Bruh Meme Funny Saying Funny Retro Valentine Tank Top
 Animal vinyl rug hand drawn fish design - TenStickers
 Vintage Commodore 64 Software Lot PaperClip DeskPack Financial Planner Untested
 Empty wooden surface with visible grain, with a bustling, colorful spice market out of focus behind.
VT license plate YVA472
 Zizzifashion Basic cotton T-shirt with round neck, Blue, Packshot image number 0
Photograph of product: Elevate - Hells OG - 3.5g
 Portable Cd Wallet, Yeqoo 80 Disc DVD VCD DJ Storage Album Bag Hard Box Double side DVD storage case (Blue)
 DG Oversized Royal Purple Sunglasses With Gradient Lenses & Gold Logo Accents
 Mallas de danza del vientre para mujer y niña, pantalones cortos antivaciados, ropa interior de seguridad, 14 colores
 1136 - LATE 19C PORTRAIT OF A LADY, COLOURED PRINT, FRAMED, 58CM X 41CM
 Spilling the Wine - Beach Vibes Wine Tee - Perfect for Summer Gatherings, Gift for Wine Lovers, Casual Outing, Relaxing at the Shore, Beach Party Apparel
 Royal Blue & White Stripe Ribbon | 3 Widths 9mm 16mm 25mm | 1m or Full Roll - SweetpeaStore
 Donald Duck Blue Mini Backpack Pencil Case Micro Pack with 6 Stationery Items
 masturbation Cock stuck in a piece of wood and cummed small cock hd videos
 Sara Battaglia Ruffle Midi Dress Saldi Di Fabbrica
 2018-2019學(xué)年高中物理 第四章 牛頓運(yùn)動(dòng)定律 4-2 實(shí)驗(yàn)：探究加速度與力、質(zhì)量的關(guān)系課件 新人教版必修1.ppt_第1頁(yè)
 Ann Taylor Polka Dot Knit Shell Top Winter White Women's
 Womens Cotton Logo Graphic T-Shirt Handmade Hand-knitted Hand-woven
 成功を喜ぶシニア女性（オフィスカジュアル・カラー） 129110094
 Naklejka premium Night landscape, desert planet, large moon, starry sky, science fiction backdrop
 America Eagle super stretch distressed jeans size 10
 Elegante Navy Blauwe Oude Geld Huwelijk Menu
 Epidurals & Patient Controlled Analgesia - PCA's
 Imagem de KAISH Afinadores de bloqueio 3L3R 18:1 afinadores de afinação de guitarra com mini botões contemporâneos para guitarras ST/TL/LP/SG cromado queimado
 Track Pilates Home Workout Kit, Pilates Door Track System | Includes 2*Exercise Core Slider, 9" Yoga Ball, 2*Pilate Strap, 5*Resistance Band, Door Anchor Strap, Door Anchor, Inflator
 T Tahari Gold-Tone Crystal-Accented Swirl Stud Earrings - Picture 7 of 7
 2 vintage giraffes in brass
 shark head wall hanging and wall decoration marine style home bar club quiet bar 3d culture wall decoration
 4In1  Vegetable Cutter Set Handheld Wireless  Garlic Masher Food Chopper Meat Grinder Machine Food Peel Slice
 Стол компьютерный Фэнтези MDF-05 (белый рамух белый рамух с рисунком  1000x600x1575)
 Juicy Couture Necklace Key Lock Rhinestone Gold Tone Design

====================

WORK INSTRUCTION >> Repeat, character for character, the lines of the material above from the line with "Naklejka premium Night" through the line with "Food Peel Slice".

RESULT >>
 Naklejka premium Night landscape, desert planet, large moon, starry sky, science fiction backdrop
 America Eagle super stretch distressed jeans size 10
 Elegante Navy Blauwe Oude Geld Huwelijk Menu
 Epidurals & Patient Controlled Analgesia - PCA's
 Imagem de KAISH Afinadores de bloqueio 3L3R 18:1 afinadores de afinação de guitarra com mini botões contemporâneos para guitarras ST/TL/LP/SG cromado queimado
 Track Pilates Home Workout Kit, Pilates Door Track System | Includes 2*Exercise Core Slider, 9" Yoga Ball, 2*Pilate Strap, 5*Resistance Band, Door Anchor Strap, Door Anchor, Inflator
 T Tahari Gold-Tone Crystal-Accented Swirl Stud Earrings - Picture 7 of 7
 2 vintage giraffes in brass
 shark head wall hanging and wall decoration marine style home bar club quiet bar 3d culture wall decoration
 4In1  Vegetable Cutter Set Handheld Wireless  Garlic Masher Food Chopper Meat Grinder Machine Food Peel Slice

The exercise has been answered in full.